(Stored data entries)
────────────────────

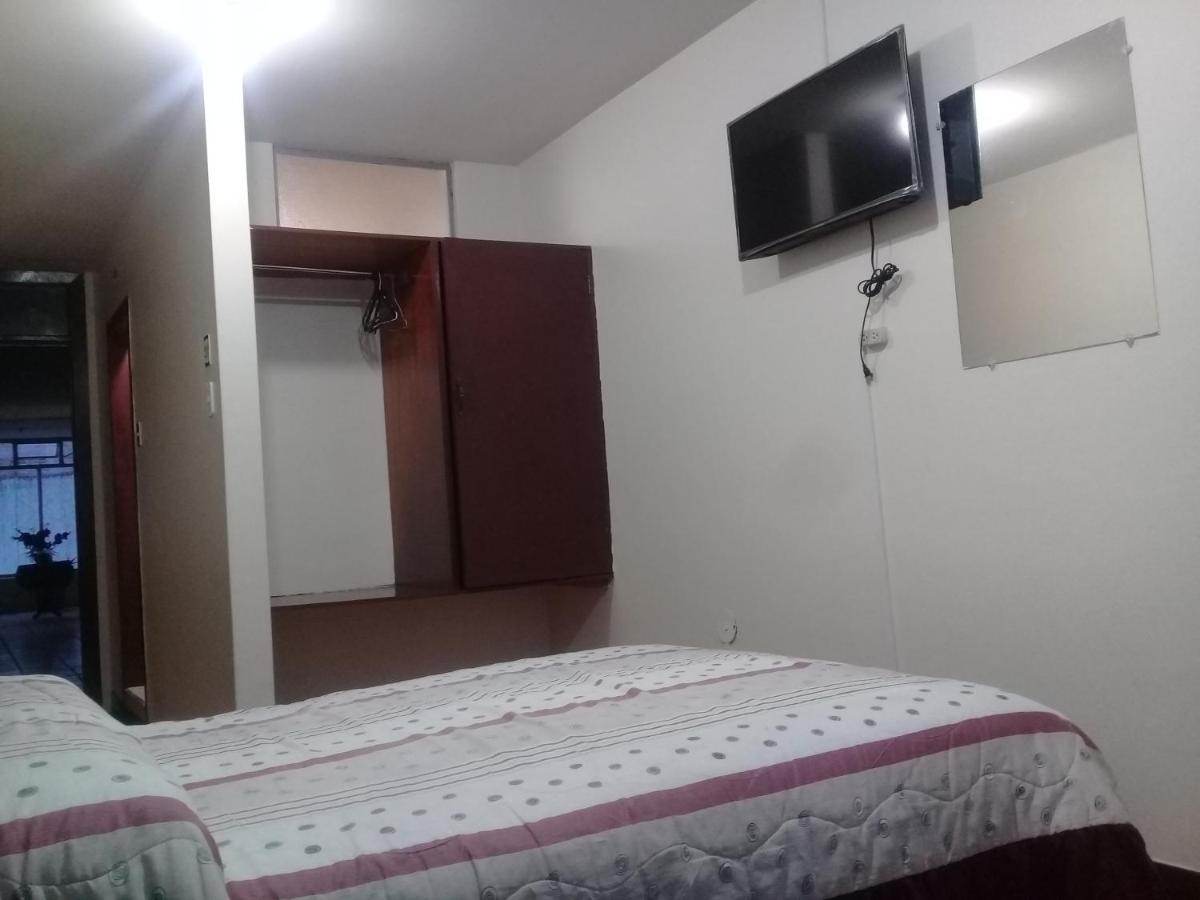 Hotel Central Латакунга Екстериор снимка
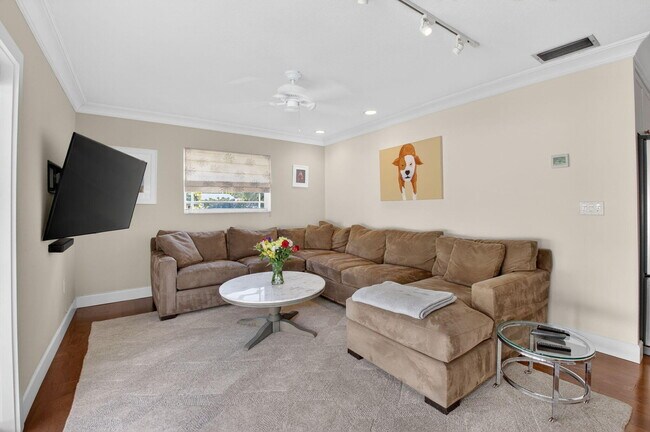 Building Photo - 1010 SW 2nd St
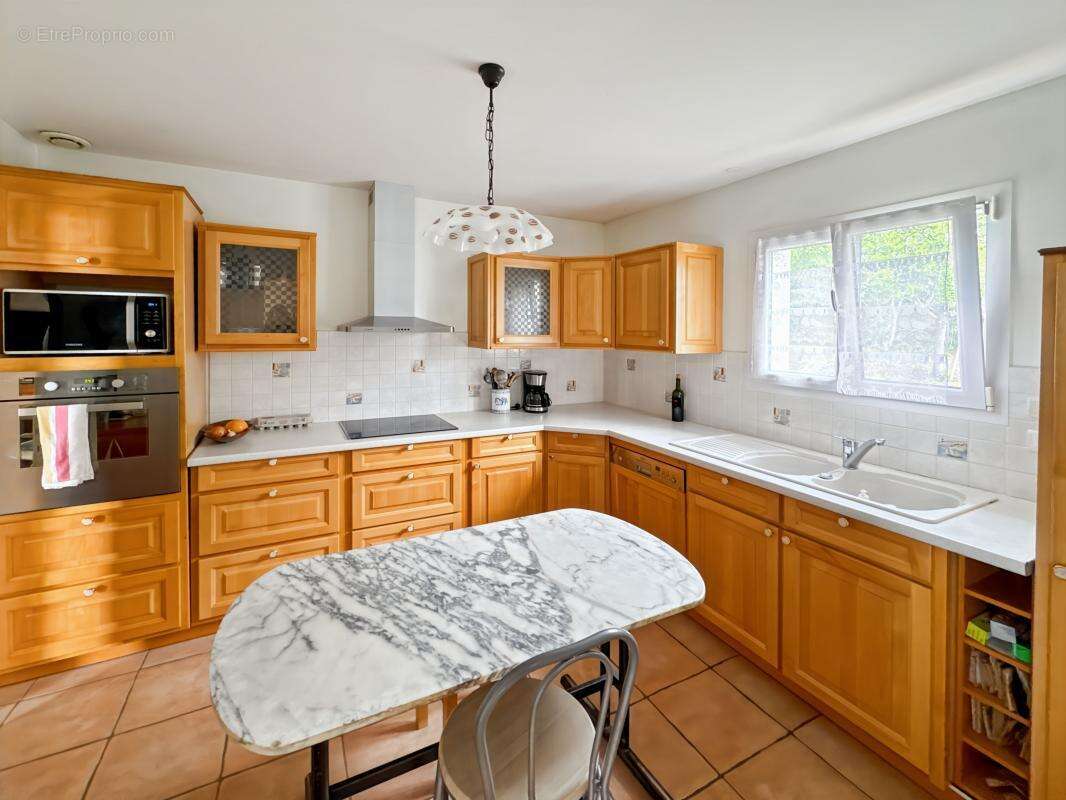 Maison à SAINT-ASTIER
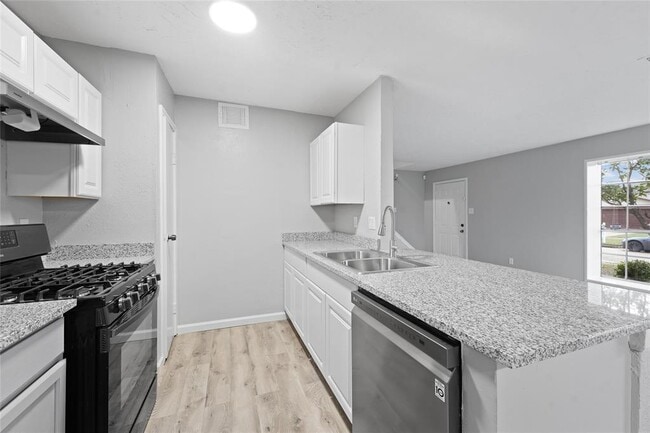 Building Photo - 10903 Maple Rock Dr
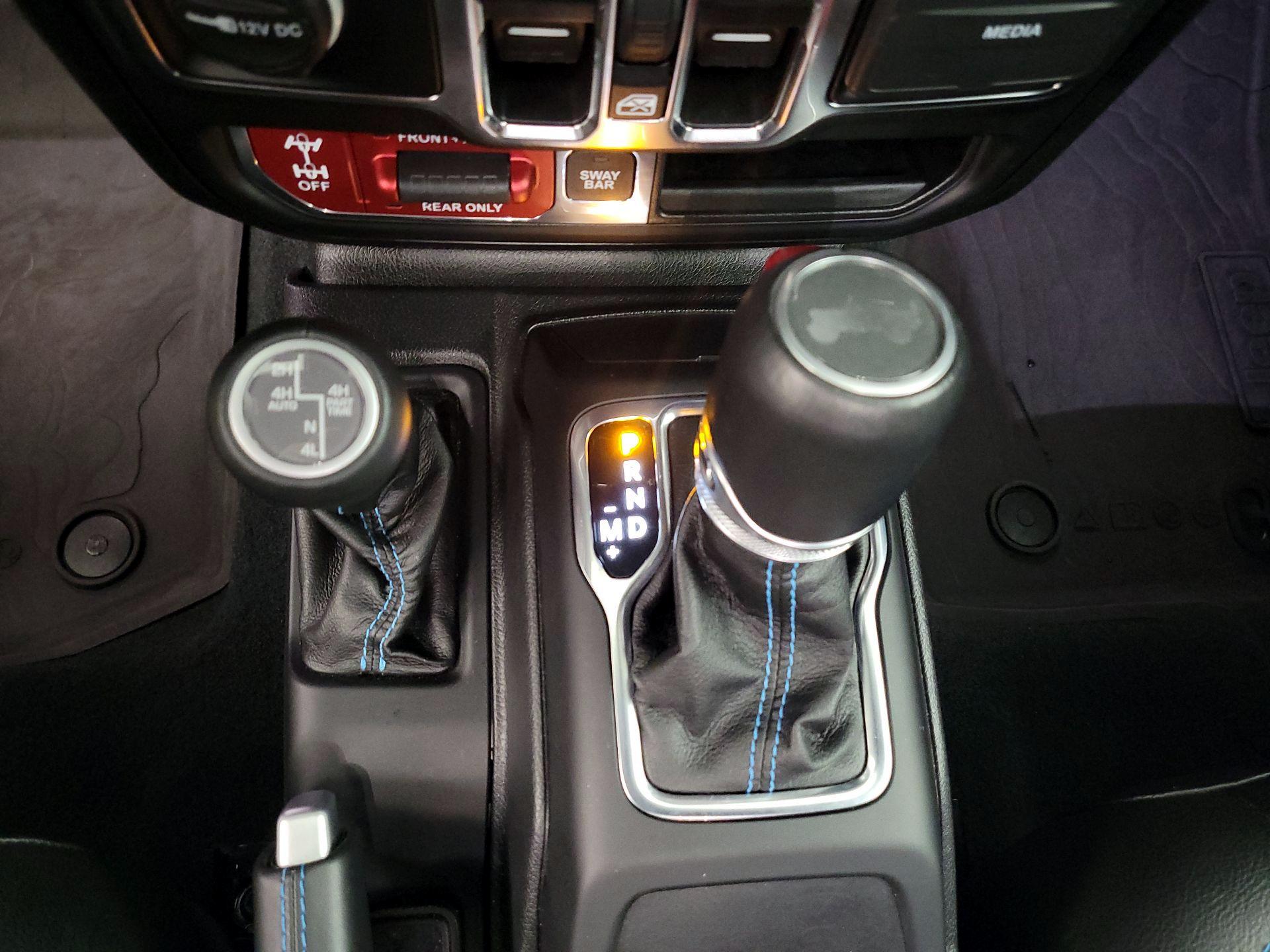 Thumbnail: 2022 Jeep Wrangler - 16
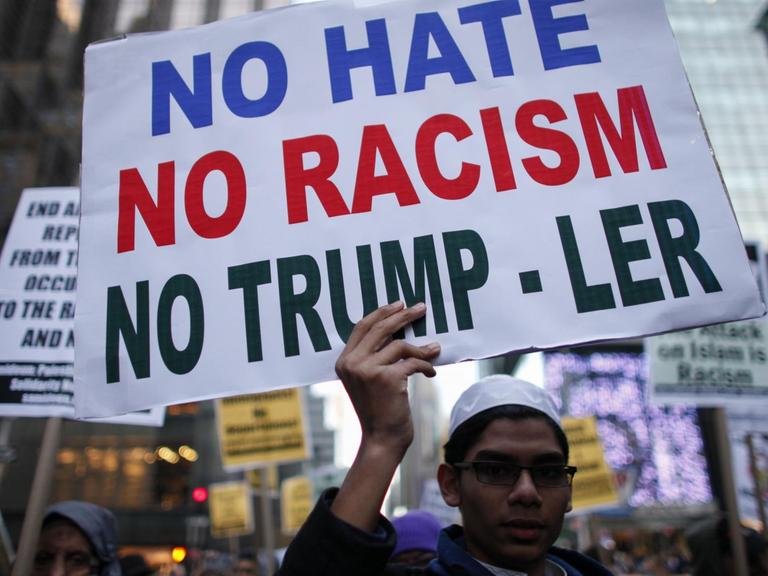 Ein junger Muslim demonstriert am 20. Dezember in New York gegen den US-Präsidentschaftsbewerber Donald Trump.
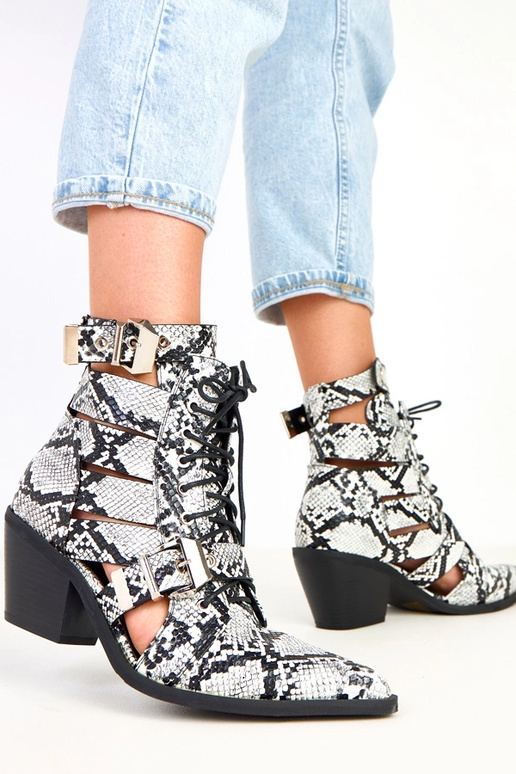 Melnbalti zābaki uz stabiņa ar auklām...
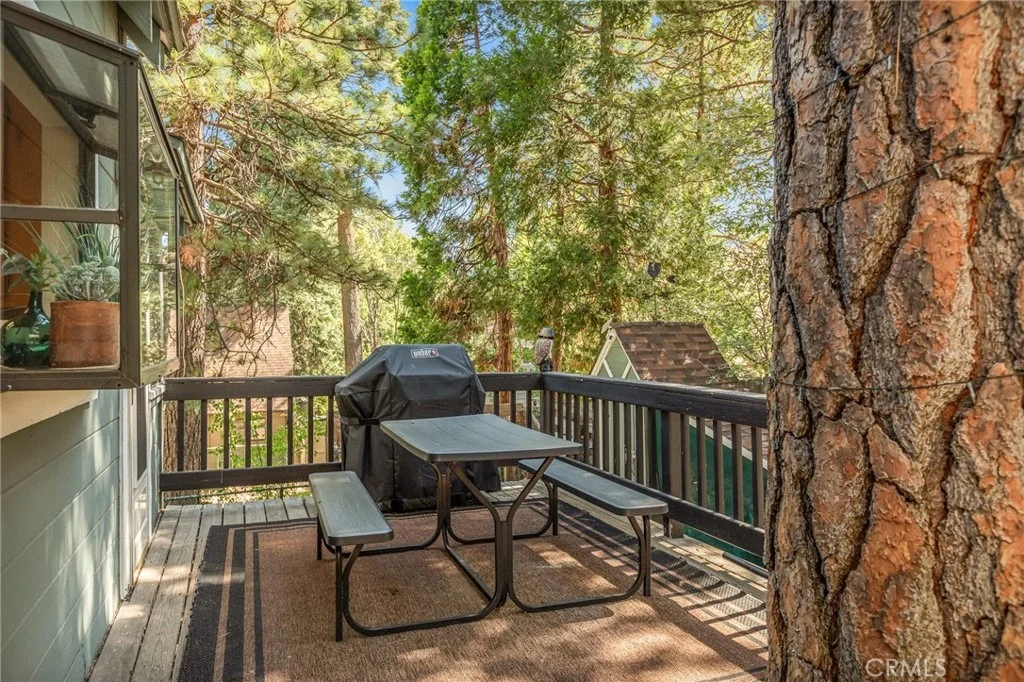 Photo of 380 Hemlock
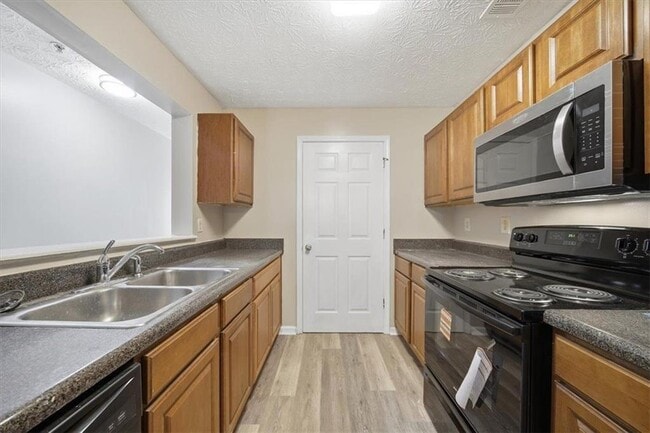 Photo - 8201 Fairington Ridge Cir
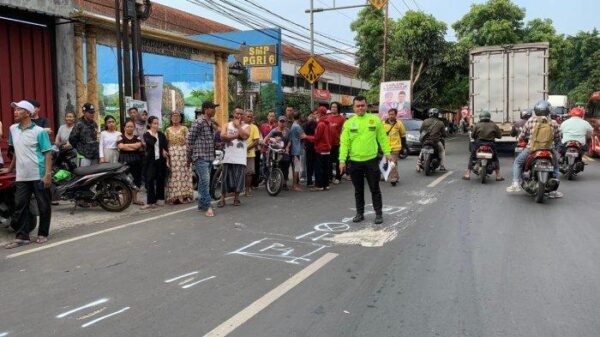 Sopir Diduga Mengantuk, Mobil Seruduk Angkot Dan Pejalan Kaki Di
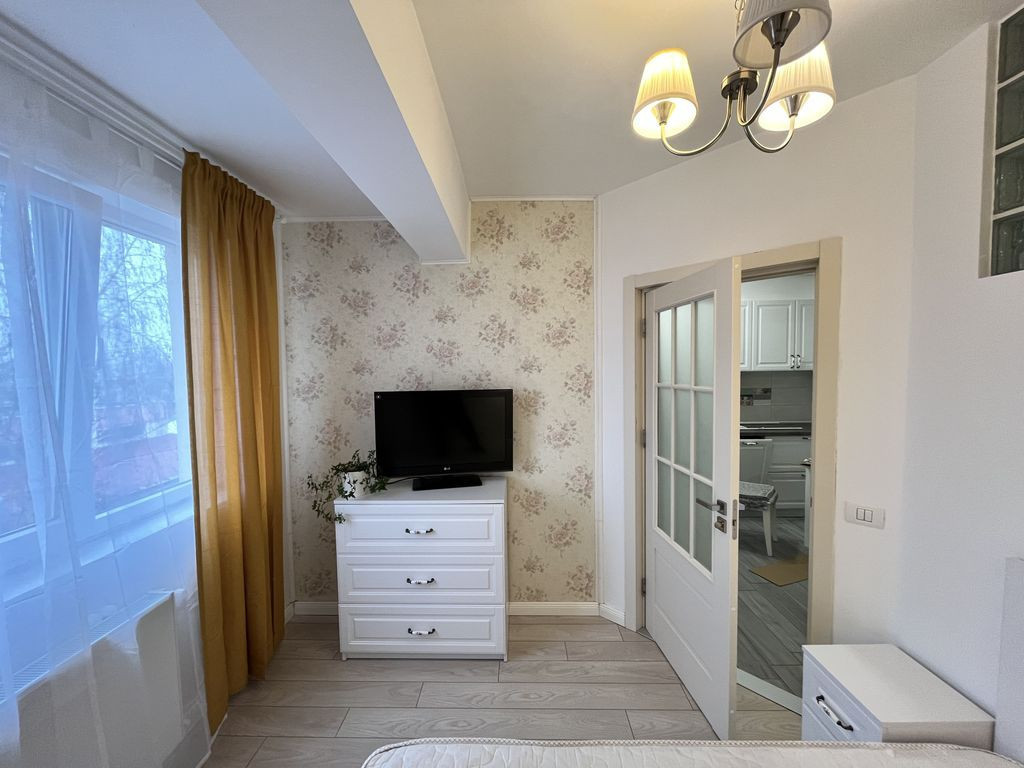 Studio bine compartimentat, parcare, complet mobilat, ren...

────────────────────

» **AIM OF THE EXERCISE**:
Word for word, set down every line of the records above, and leave the pictures out.

» **THE ANSWER**:
 Hotel Central Латакунга Екстериор снимка
 Building Photo - 1010 SW 2nd St
 Maison à SAINT-ASTIER
 Building Photo - 10903 Maple Rock Dr
 Thumbnail: 2022 Jeep Wrangler - 16
 Ein junger Muslim demonstriert am 20. Dezember in New York gegen den US-Präsidentschaftsbewerber Donald Trump.
 Melnbalti zābaki uz stabiņa ar auklām...
 Photo of 380 Hemlock
 Photo - 8201 Fairington Ridge Cir
 Sopir Diduga Mengantuk, Mobil Seruduk Angkot Dan Pejalan Kaki Di
 Studio bine compartimentat, parcare, complet mobilat, ren...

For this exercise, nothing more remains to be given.